Twelve thousand years ago, when the great glaciers that created the Scottish valleys began to retreat, they were followed by a wealth of wildlife. Herds of reindeer, musk oxen, and saiga antelope followed the melting ice northwards. They in turn were followed by wolves and arctic foxes, lemmings and hares, brown bears, lynx, and bison- The early broadleafed forests that hugged the Scottish Highlands were rich with living creatures. Eagles and buzzards soared high over the rugged lands cape. Beavers dammed the streams. Roe deer and wild cattle grazed in the clearings.

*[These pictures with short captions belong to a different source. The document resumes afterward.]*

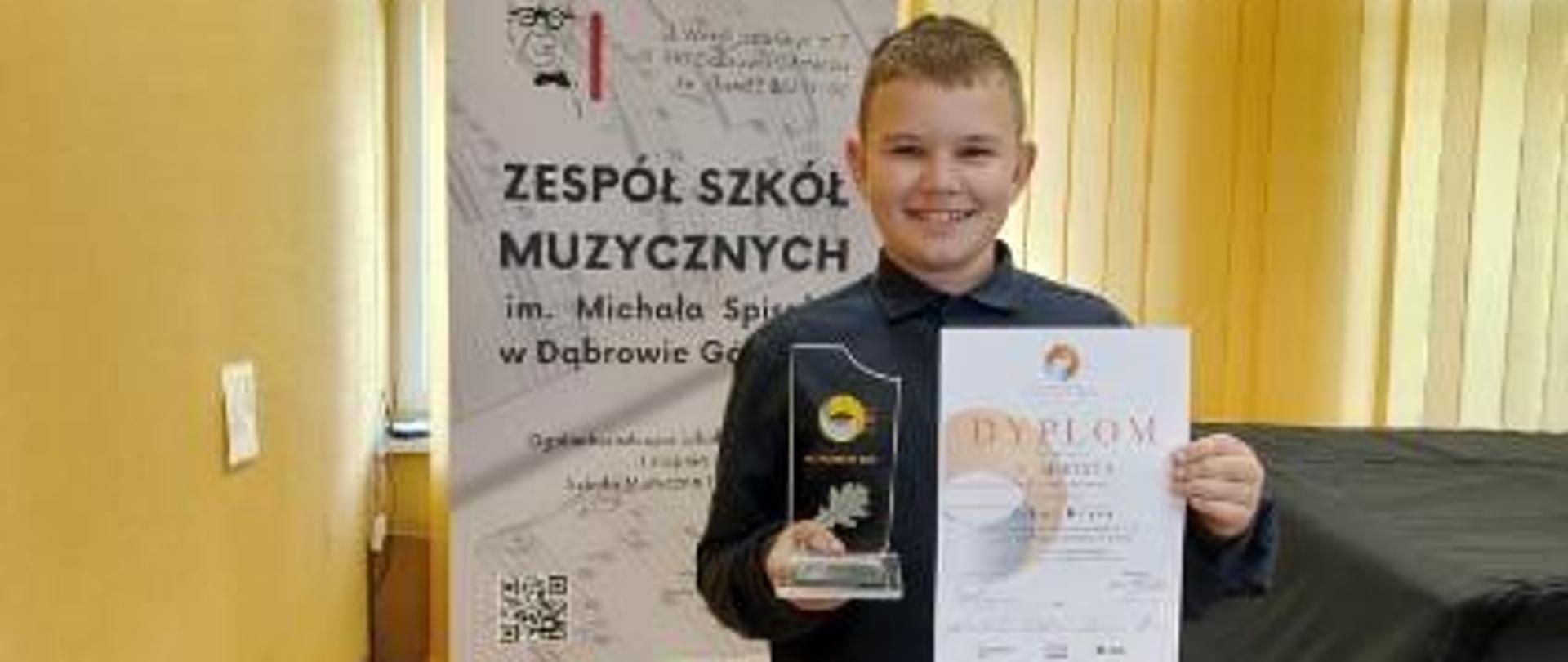 Na pierwszym planie stoi laureat konkursu z dyplomem i statuetką
w dłoni. Za nim ustawiony baner z nazwą instytucji: Zespół Szkół Muzycznych im. Michała Spisaka w Dąbrowie Górniczej.
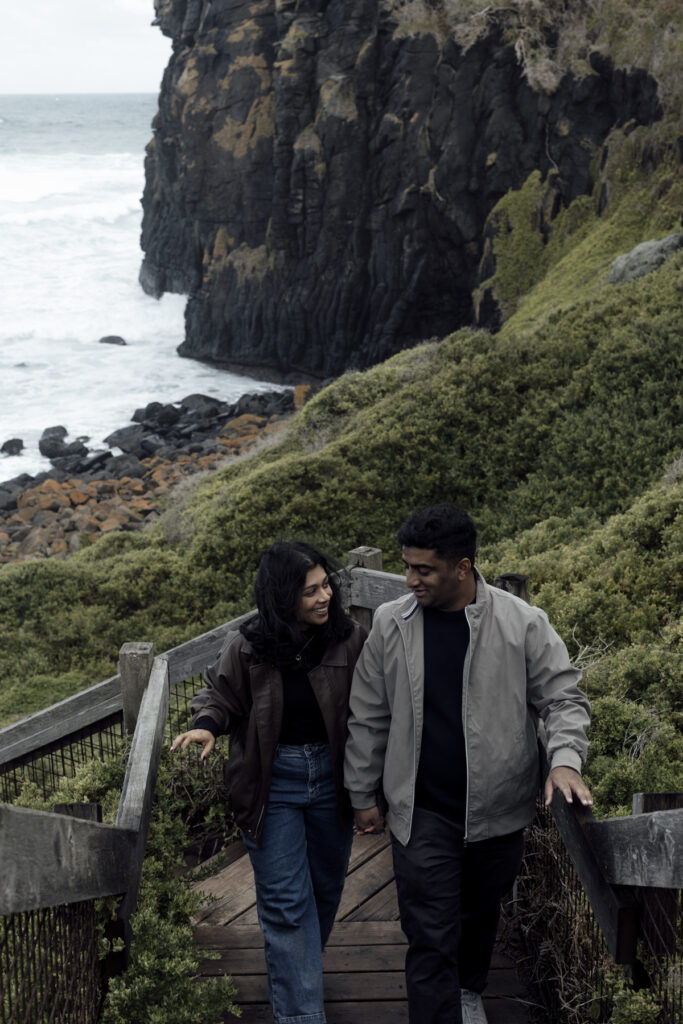 Melbourne Proposal Photography a couple getting engaged in Flinders. Young couple standing on cliff top laughing, holding hands and walking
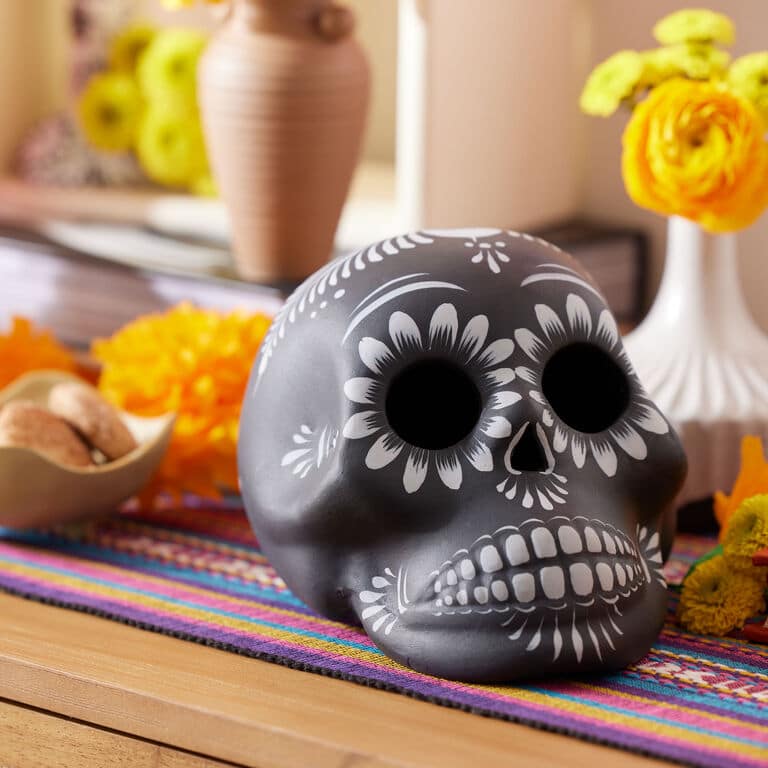 A hand-painted skull and skeletons placed on a table.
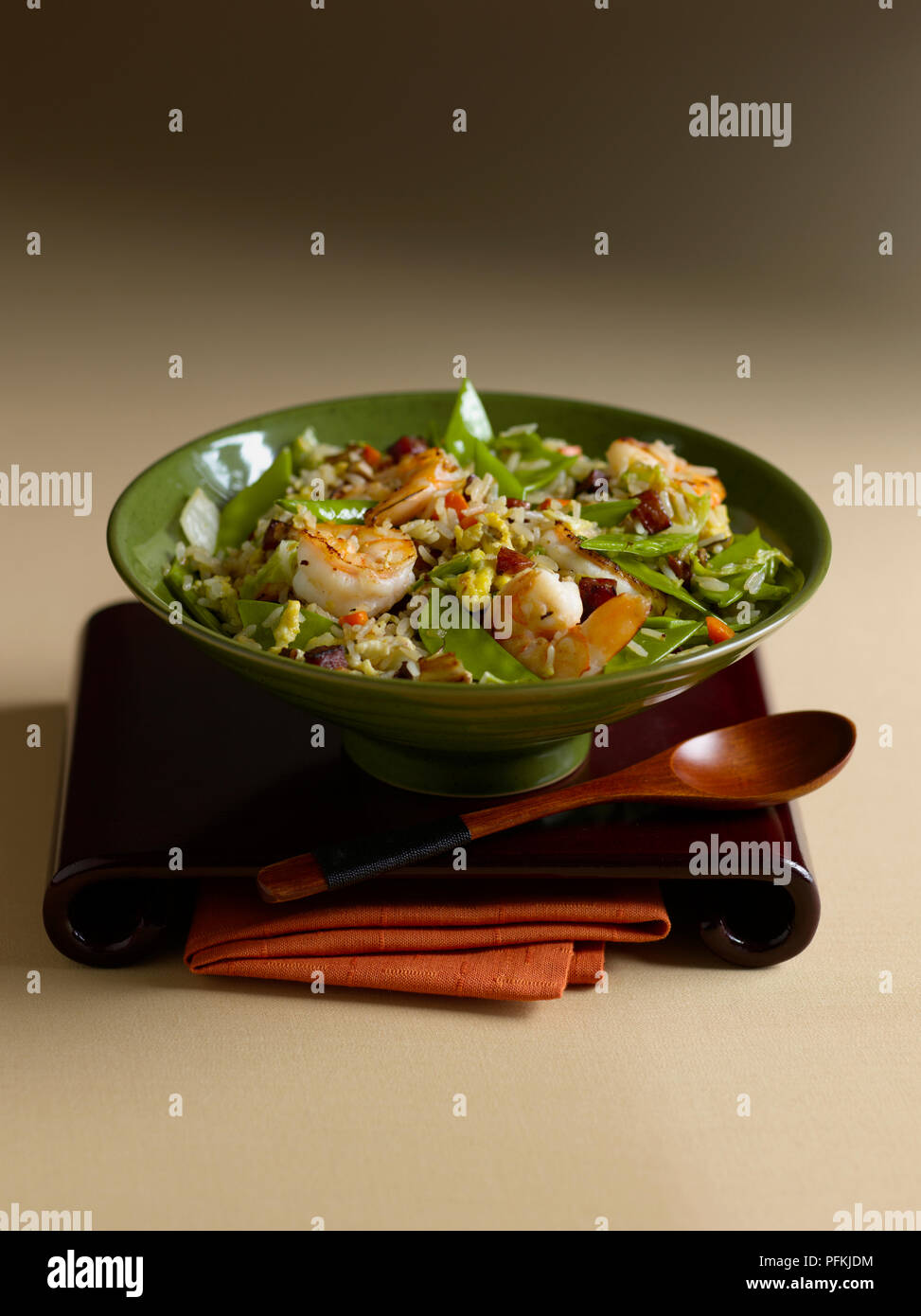 Ciotola di stir-riso fritto con salsiccia cinese, gamberi e mangetouts, con cucchiaio e Tovagliolo Foto Stock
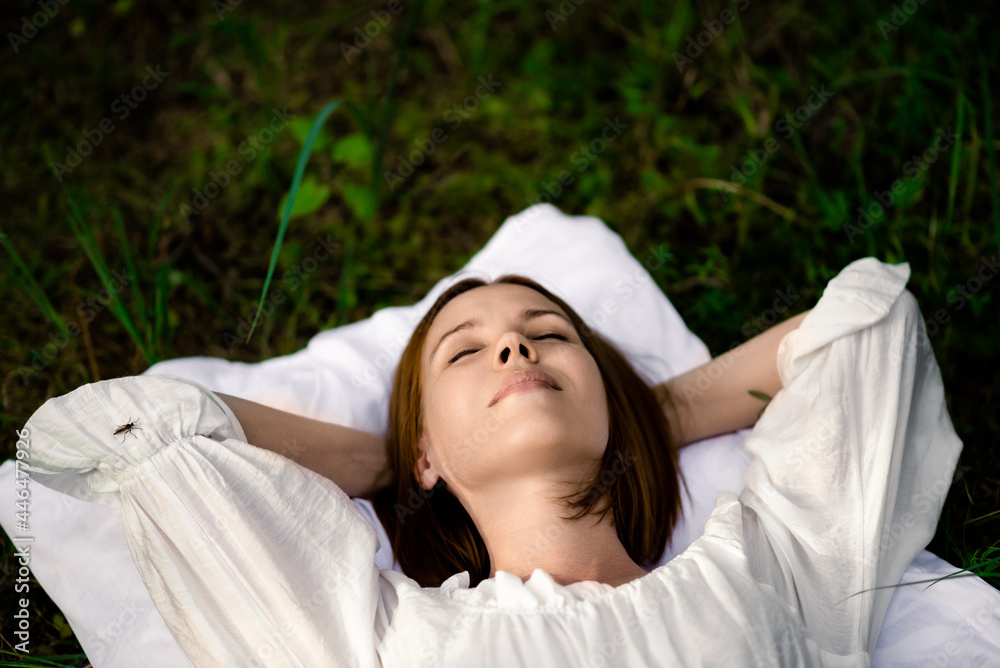 Healthy sound sleep. Rest, relaxation in the forest. Woman sleeps on a pillow on a green glade in the forest. Healthy sound sleep. Rest, relaxation in the forest. Woman sleeps on a pillow on a green glade in the forest.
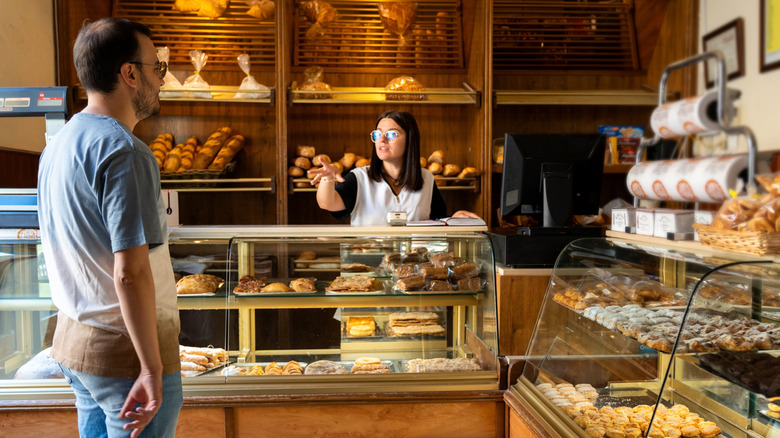 man waiting at counter of bake shop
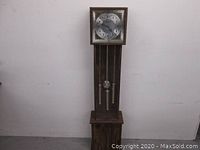 Full view of the tall wooden grandfather clock showing overall shape and pendulum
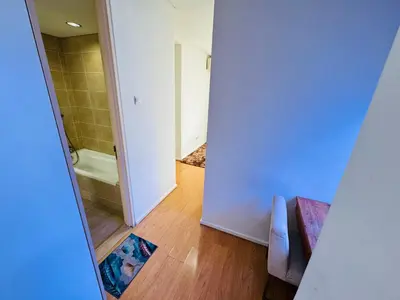 a bathroom with a shower and a tub in a room at Soha Homestay in Kuala Lumpur
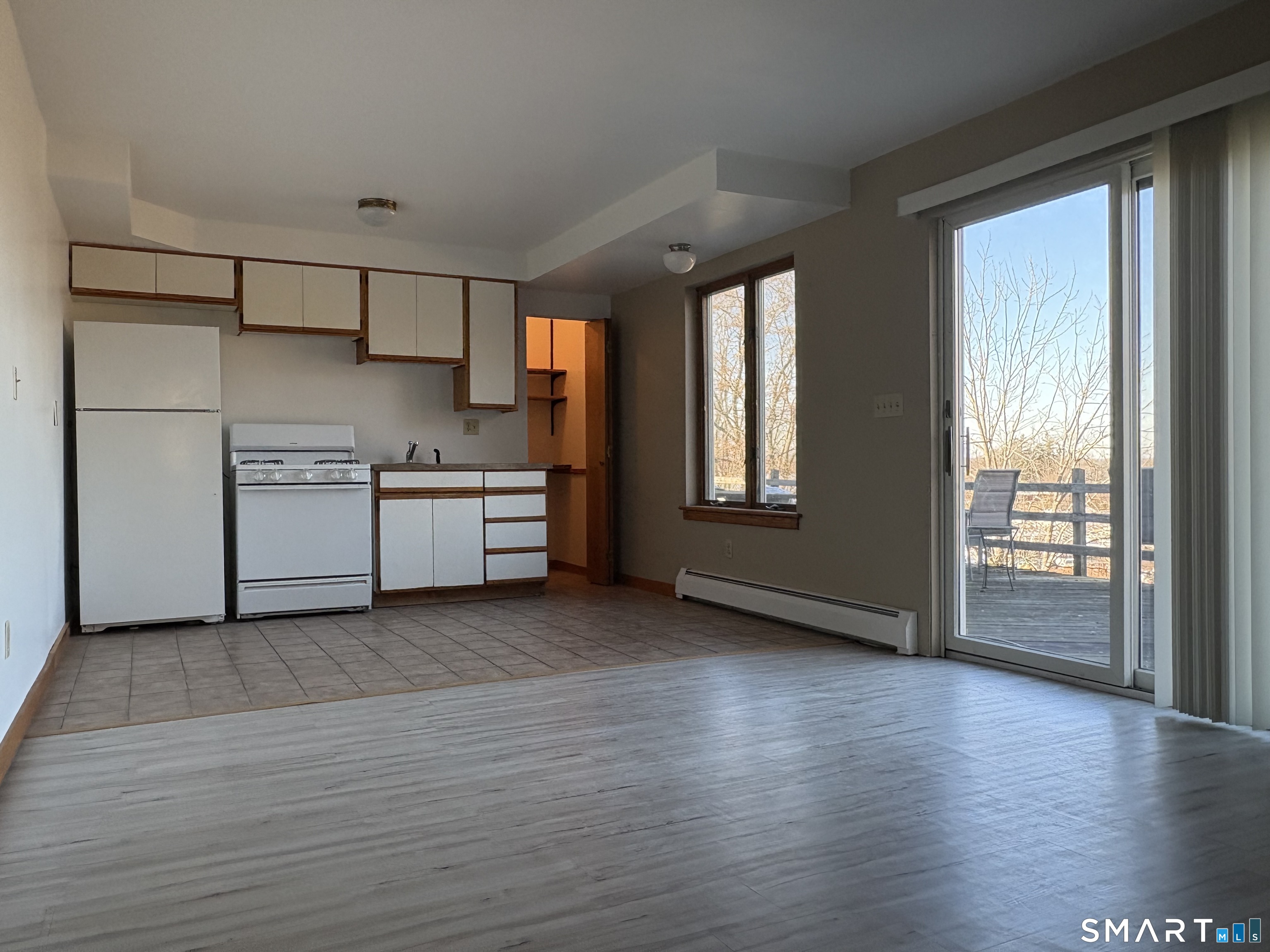 a view of a kitchen with a stove wooden cabinets and wooden floor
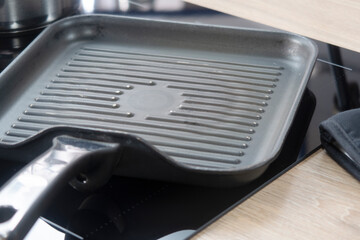 Kitchen utensils-wooden spoons and cutting boards on table close up. kitchen utensils close-up in the interior of a home kitchen.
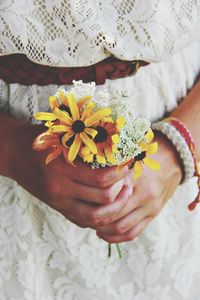 Close-up of cropped hand holding flower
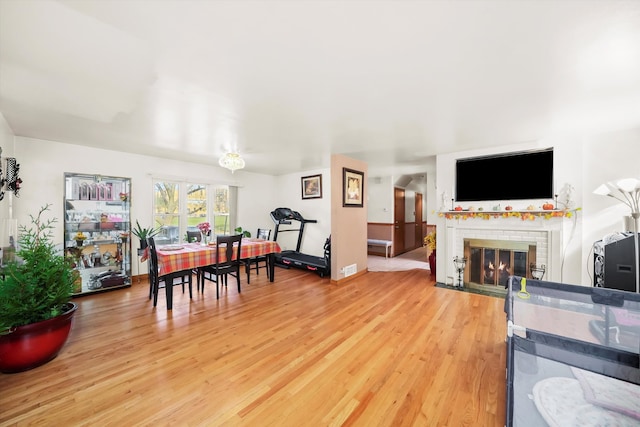 living room featuring a brick fireplace and wood-type flooring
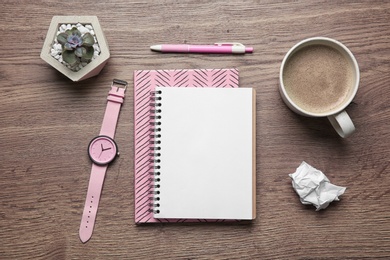 Photo of Flat lay composition with office stationery and cup of coffee on wooden table. Space for design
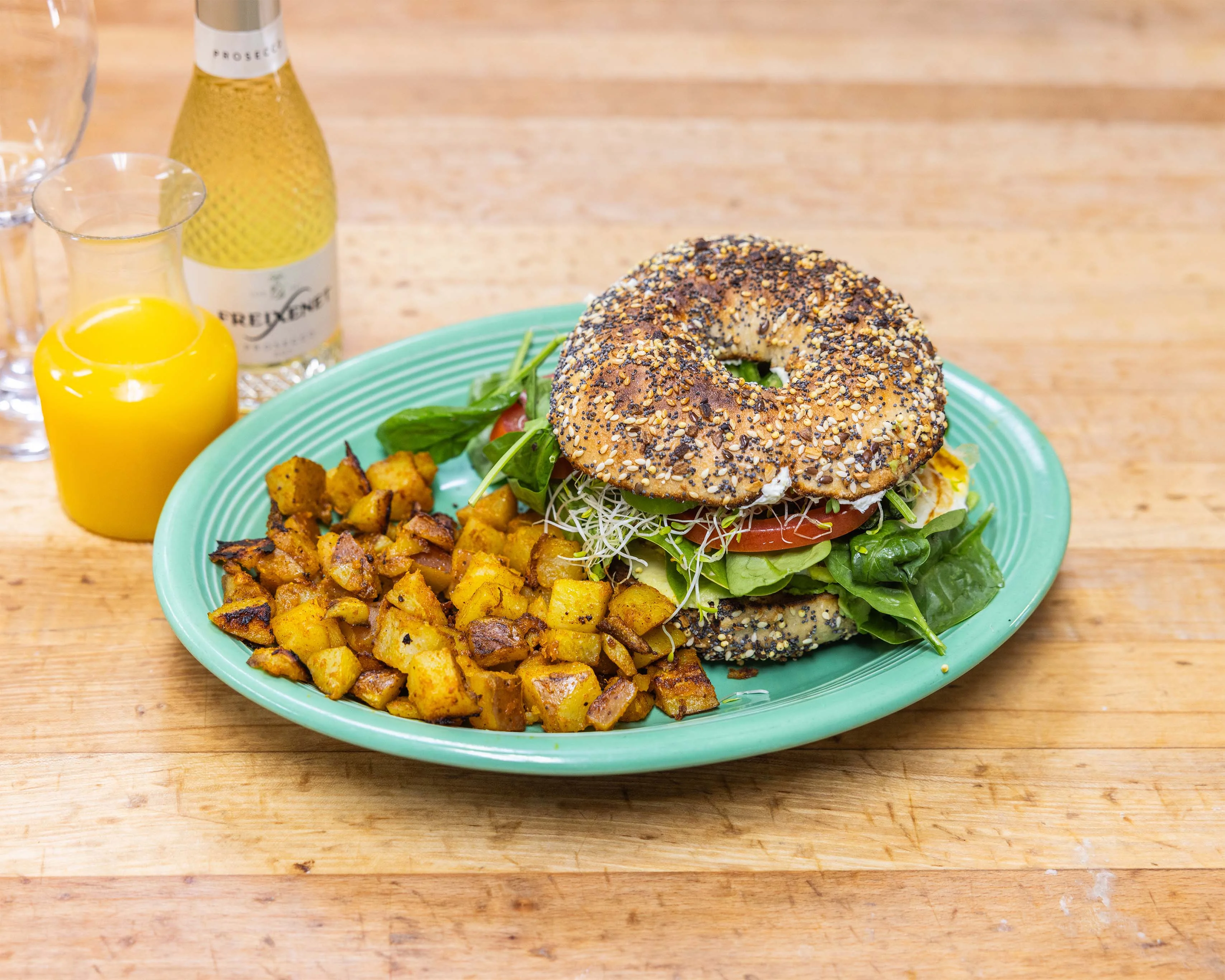 Everything bagel breakfast sandwich with roasted potatoes and orange juice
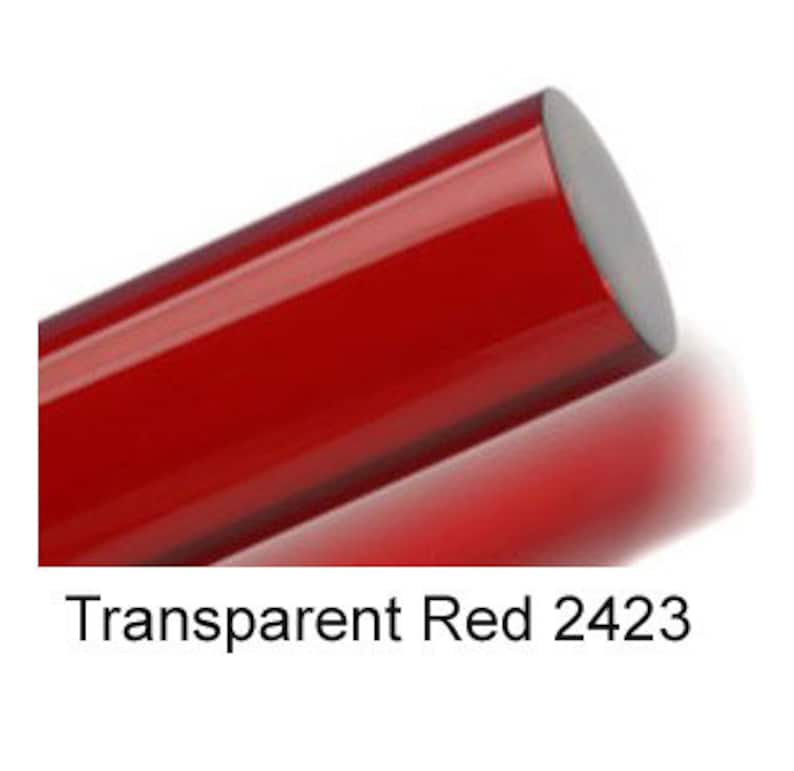 May include: A close-up of a bright red, transparent, cylindrical rod. The rod is smooth and shiny. The text "Transparent Red 2423" is printed below the rod.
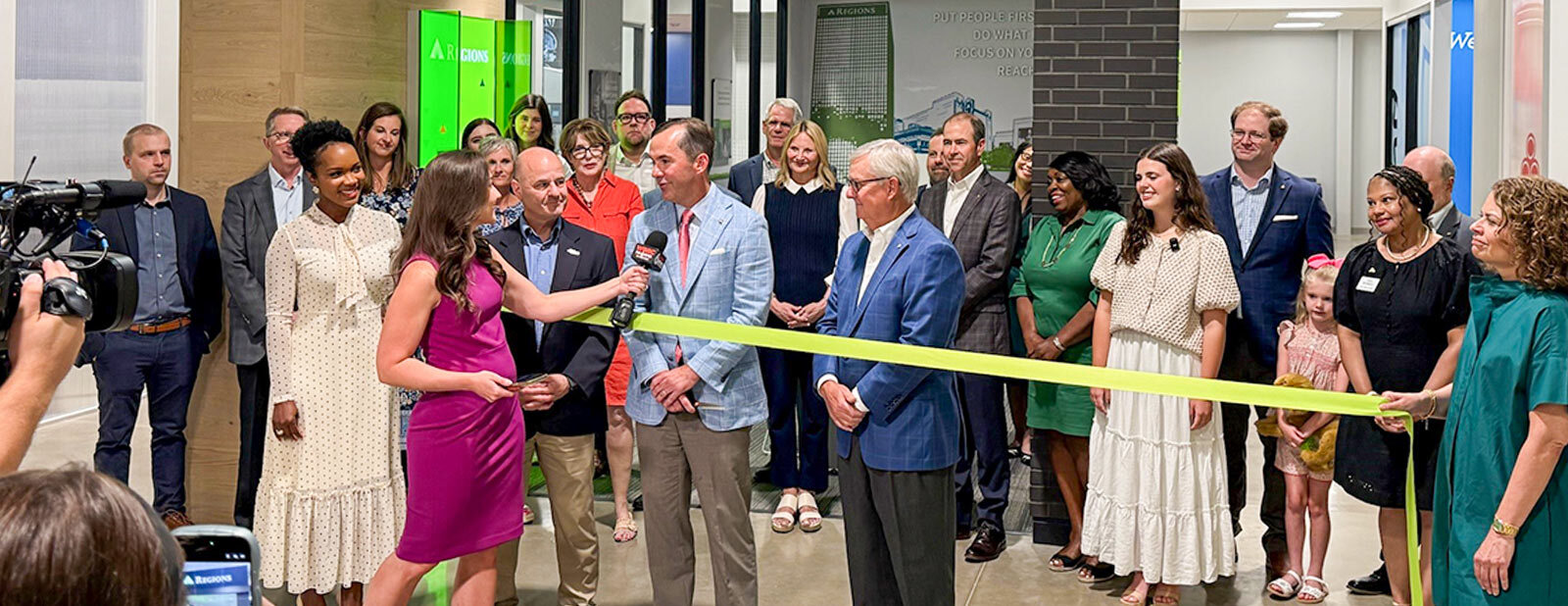 Live Ribbon Cutting.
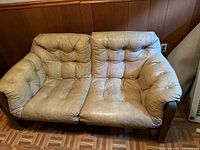 Beige leather loveseat with wood trim and tufted cushions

Then came man to farm the valleys, with wheat and barley, cattle and pigs and sheep. The stage was set for another slow change in the landscape and wildlife of Scotland. Roman and Vikings burned and cleared the forests. The auroches, the lynx and the bear were hunted to extinction; the beaver was trapped for its fur; and in the centuries that followed hardy breeds of sheep spread across the hills, and the forests became moorlands. The bountiful wildlife paradise that Scotland had been was gone forever.

Forever? Well, perhaps not quite. There is one small corner of Scotland that serves as a reminder of what was, and what might have been. It is the Highland Wildlife Park, two hundred and sixty acres of heath and hillside set aside to keep and breed and show animals of Northern Europe, cousins of the creatures that stalked the same highlands in the dying centuries of the last ice age.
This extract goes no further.